ABSTRACT

The transdisciplinary field of Peace and Conflict Studies has championed the cause of equality and peace, yet often bases its analysis in unacknowledged traditions of the critical left. Intellectual traditions from Marxism to anarchism are based in an understanding of structural inequality that are pervasive and relatively unchanged since their inception in the 1850s. From these intellectual roots, a host of liberatory, democratic, and peace-centric perspectives have emerged from feminist analysis to Occupied-inspired anti-capitalist critique. While the Marxist framework is firmly rooted in a stoic structuralism, these foundational concepts are extended through the work of neo-Marxists and poststructuralists to understand the nature of power and oppression as deterritorialized, boundless, fluid, and malleable.
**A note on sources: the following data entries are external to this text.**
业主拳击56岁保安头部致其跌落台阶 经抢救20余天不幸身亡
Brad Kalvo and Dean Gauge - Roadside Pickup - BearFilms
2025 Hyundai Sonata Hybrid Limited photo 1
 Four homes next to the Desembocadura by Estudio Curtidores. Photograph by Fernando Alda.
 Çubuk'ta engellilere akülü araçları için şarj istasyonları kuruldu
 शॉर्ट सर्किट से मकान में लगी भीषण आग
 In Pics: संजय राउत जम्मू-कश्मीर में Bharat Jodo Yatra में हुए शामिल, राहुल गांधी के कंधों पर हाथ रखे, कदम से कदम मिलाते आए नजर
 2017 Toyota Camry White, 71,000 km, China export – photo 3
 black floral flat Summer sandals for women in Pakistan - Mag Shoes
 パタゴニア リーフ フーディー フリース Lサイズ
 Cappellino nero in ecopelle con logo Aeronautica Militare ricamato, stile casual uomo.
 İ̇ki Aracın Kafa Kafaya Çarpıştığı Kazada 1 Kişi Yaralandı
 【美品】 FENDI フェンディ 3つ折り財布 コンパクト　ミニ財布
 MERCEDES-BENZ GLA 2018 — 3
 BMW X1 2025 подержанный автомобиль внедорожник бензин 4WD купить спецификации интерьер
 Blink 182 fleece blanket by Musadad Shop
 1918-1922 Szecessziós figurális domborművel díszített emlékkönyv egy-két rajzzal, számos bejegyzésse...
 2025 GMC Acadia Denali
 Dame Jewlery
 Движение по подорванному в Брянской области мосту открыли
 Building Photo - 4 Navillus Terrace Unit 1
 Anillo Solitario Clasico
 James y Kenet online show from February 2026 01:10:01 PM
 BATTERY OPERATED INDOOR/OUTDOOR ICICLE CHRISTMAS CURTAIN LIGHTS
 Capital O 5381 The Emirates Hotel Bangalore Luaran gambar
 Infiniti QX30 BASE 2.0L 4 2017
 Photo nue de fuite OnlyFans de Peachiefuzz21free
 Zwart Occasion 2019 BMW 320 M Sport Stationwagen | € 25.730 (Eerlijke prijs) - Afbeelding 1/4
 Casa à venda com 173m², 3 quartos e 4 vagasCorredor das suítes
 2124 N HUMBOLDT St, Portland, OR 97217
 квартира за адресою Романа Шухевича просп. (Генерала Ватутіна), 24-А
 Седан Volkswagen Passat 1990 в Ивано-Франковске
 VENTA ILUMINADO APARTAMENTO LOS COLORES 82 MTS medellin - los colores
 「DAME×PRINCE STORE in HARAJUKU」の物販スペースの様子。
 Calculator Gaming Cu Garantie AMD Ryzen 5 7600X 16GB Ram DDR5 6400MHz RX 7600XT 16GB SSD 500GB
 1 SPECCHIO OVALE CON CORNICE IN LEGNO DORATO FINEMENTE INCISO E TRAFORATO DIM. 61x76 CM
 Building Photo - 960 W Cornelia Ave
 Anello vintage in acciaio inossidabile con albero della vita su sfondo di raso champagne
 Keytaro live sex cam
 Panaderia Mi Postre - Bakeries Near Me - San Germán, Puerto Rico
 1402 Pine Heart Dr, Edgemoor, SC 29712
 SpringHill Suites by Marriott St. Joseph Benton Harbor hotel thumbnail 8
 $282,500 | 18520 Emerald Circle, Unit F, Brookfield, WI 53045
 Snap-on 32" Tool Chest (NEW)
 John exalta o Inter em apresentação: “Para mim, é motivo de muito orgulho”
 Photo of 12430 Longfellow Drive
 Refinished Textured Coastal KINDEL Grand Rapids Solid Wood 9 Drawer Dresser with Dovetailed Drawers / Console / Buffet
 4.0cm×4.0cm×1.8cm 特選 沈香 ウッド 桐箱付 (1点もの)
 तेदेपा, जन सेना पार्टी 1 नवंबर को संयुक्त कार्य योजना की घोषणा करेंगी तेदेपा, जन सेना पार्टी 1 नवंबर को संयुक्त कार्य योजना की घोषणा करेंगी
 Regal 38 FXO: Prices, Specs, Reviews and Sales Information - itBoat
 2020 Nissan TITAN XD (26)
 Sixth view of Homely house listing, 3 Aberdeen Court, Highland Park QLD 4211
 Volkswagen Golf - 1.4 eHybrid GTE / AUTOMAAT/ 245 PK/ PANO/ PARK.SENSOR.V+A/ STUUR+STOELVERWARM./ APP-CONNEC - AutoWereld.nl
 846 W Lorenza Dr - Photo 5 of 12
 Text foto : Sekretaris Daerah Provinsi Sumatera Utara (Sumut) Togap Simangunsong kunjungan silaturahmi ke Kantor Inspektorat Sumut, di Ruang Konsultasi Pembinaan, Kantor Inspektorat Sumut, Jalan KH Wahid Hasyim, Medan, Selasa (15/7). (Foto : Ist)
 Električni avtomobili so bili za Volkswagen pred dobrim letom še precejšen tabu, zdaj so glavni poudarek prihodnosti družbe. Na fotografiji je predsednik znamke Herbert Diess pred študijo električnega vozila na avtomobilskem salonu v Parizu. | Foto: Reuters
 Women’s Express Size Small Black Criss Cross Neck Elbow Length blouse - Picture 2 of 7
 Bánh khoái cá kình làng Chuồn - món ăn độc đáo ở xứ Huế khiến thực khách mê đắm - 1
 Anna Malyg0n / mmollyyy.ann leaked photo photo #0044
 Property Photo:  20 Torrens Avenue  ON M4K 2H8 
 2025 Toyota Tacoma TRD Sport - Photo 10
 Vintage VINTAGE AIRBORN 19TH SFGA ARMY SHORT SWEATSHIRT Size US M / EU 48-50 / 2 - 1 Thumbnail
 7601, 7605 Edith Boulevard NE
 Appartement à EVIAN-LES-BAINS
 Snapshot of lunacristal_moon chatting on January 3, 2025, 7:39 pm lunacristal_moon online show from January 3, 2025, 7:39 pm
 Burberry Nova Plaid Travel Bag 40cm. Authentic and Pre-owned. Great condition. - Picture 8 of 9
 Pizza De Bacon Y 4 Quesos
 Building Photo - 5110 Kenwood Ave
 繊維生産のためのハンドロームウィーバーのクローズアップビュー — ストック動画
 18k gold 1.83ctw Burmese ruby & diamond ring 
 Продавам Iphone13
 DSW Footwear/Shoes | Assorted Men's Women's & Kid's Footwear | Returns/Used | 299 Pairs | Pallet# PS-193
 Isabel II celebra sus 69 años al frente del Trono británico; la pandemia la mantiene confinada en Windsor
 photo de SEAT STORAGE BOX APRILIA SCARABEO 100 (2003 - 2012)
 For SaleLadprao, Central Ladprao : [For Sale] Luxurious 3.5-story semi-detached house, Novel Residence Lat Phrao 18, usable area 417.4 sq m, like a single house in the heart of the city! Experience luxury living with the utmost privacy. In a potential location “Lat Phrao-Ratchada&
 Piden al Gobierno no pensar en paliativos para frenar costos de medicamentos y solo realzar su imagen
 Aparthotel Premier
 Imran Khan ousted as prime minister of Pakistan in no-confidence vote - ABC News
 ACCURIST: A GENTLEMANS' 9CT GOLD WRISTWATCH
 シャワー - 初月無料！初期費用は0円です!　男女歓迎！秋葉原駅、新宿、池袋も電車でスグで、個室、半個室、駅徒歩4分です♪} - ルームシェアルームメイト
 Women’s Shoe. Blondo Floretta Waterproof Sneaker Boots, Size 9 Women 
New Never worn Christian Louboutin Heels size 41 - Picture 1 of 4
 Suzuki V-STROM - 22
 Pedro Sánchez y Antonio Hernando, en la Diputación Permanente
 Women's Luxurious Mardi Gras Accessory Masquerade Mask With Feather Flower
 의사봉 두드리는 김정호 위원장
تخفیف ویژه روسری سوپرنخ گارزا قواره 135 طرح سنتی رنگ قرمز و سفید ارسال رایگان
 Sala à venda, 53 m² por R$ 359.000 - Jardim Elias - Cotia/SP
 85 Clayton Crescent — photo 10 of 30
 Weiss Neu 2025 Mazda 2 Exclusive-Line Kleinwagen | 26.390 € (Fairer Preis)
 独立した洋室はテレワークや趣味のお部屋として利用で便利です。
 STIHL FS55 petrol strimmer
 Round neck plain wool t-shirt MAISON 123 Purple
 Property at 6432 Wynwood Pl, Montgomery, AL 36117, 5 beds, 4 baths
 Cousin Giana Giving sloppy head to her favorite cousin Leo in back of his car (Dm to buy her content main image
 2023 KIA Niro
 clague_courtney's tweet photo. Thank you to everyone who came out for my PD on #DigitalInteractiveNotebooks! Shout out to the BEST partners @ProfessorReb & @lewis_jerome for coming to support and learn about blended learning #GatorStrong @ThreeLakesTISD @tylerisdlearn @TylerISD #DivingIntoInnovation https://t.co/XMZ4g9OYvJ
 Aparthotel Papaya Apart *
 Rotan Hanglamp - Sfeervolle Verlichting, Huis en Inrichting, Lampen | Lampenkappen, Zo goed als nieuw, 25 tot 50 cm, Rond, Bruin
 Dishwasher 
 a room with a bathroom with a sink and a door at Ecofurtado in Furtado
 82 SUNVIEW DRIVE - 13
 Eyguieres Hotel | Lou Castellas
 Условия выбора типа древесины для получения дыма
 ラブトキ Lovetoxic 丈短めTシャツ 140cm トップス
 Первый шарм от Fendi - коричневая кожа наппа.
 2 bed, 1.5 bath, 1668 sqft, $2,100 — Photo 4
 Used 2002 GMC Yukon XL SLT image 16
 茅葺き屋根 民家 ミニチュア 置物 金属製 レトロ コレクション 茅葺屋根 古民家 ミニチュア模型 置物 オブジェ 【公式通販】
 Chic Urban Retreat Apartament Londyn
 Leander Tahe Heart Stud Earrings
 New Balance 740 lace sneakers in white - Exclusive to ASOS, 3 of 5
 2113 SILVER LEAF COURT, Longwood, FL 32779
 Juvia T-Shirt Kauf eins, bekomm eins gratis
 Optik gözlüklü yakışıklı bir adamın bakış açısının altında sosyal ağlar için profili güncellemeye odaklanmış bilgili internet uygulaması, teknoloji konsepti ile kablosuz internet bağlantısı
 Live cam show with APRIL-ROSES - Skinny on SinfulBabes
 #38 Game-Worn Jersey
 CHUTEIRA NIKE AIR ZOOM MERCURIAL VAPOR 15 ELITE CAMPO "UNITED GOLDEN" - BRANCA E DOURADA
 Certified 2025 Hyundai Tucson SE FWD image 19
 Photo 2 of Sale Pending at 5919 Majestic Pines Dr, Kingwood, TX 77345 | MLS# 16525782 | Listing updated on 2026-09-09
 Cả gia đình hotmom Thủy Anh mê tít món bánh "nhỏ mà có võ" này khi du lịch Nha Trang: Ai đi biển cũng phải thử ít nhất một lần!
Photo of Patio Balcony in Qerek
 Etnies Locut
The following deconstructive, genealogical history traces Peace Studies’ understanding of the relationship between structure and violence through a variety of core areas including basic human needs, statehood, culture, ideology, and the question of whether violent inequality is inherent in the State. The discussion of the red-to-black spectrum aims to move beyond issues of disciplinary taxonomy and instead reengage with broader, epistemological questions regarding violence, peace, domination, hierarchy, and democratic governance. This chapter seeks to trace the history of a structural analysis embedded in peace and conflict, from the early libertarianism of Marx, up until the modern anthropologists and poststructural peace theorists.